- 2 large eggplants, sliced into 1 cm thick rounds
- 1/4 cup olive oil, divided
- 1 large brown onion, diced
- 200g mushrooms, diced
- 1 tbsp tomato paste (no added salt)
- 1 x 400 g tin crushed or chopped tomatoes
- 2 x 400 g tin brown lentils, drained
- 1/2 cup water
- 1 tsp dried oregano leaves
- salt & pepper
- 1/2 cup So Good™ Unsweetened Almond Milk
- 200g reduced fat ricotta cheese
- 50g feta cheese, crumbled
- 1 tbsp pine nuts
- Preheat oven to 200°C. Line a large oven tray with baking paper. Combine So Good almond milk, ricotta and feta cheese in a small bowl, mashing with a fork until smooth, and set aside.
- Arrange eggplant slices in a single layer on the prepared tray, brush slices on both sides with 2 tbsp of the oil. Bake for 20-25 minutes until golden and tender, flipping slices after 10 minutes.
- While the eggplant roasts, drizzle remaining oil (1 tbsp) into a large saucepan over medium heat. Add onion and sauté for 2-3 minutes until starting to soften. Add mushrooms and sauté a further 4-5 minutes. Stir through tomato paste.
- Add lentils, tinned tomato, water, and oregano and stir well. Cover, reduce heat to low, and simmer for 20 minutes. Season to taste with salt and pepper.

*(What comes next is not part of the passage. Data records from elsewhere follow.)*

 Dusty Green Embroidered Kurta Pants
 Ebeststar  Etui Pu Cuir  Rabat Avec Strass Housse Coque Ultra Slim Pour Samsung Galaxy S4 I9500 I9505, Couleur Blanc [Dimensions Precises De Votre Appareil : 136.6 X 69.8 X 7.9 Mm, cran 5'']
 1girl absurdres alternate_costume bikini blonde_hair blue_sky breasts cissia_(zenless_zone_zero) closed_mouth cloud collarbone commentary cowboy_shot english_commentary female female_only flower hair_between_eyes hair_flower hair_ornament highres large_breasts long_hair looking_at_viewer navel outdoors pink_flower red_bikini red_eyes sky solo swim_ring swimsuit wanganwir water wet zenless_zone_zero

- Spoon half of the lentil mixture into the base of a large baking dish. Layer half of the roasted eggplant on top. Repeat with remaining sauce and eggplant. Spoon ricotta mixture over final eggplant layer and smooth surface. Sprinkle with pine nuts.

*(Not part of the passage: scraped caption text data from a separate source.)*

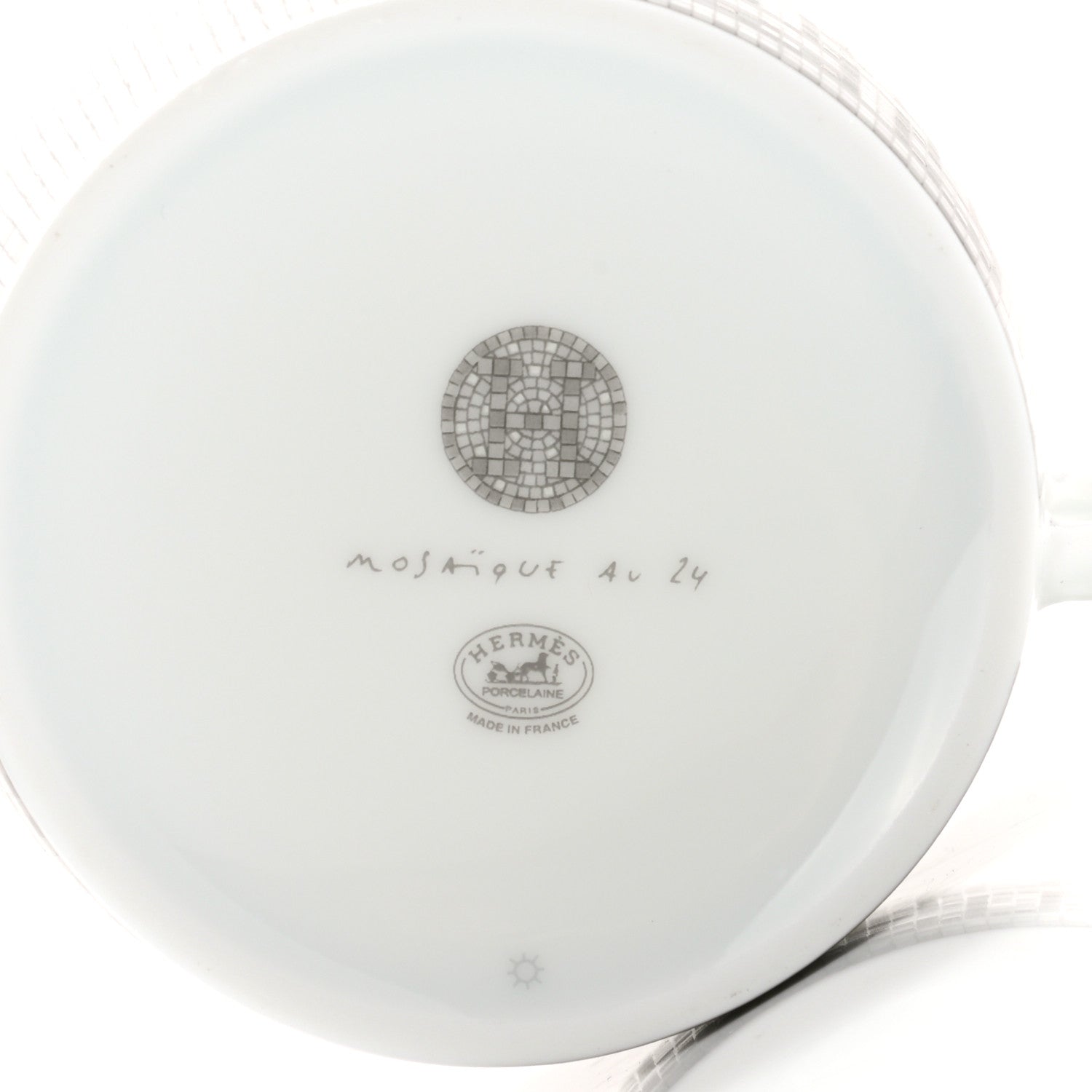 Hermes Porcelain Mosaique Au 24 Platine Tea Cup And Saucer Set Of 2 Platinum 7 of 8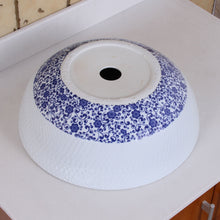 Load image into Gallery viewer, Chrysanthemum Blue and White Porcelain Vessel Sink ELIMAX&#39;S 2010
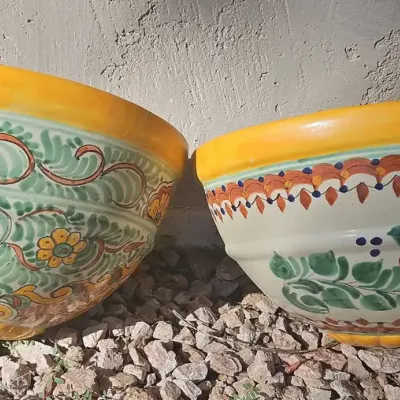 2 Mexican Talavera Style Pottery Wall Planters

- Bake for 20 minutes until topping is golden and filling is bubbling. Cool in pan for 10 minutes before serving.
- Store leftovers in the fridge and re-heat for a quick lunch.
- Ricotta topping can be replaced with a traditional béchamel white-sauce, if preferred.
- If your ricotta is dry, or if the topping mixture seems too thick, stir through an extra tablespoon or two of milk. Topping can also be blended smooth.